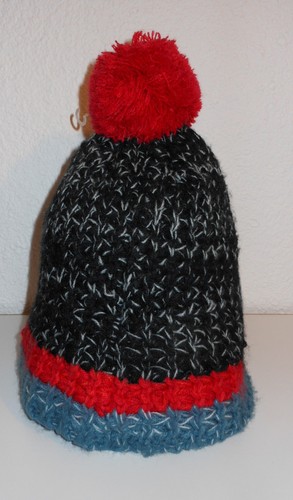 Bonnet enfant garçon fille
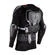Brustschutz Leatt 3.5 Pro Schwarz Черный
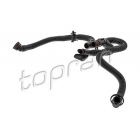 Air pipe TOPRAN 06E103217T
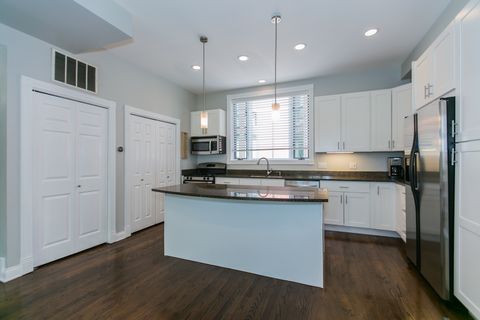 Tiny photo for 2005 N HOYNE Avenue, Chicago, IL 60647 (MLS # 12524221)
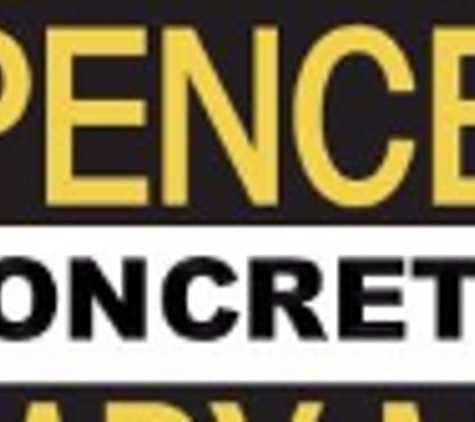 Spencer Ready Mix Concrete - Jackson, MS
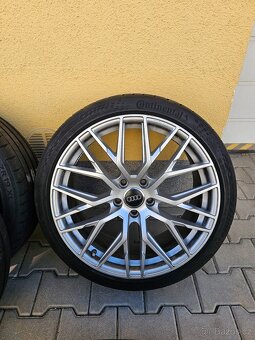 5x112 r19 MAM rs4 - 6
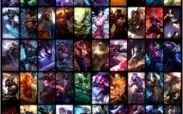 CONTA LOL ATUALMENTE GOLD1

Task prompt: Every line from the one holding "Brustschutz Leatt 3.5 Pro Schwarz Черный" through the end of the records above must be reproduced verbatim, pictures excepted.

Solution to this exercise:
Brustschutz Leatt 3.5 Pro Schwarz Черный
 Air pipe TOPRAN 06E103217T
 Tiny photo for 2005 N HOYNE Avenue, Chicago, IL 60647 (MLS # 12524221)
 Spencer Ready Mix Concrete - Jackson, MS
 5x112 r19 MAM rs4 - 6
 CONTA LOL ATUALMENTE GOLD1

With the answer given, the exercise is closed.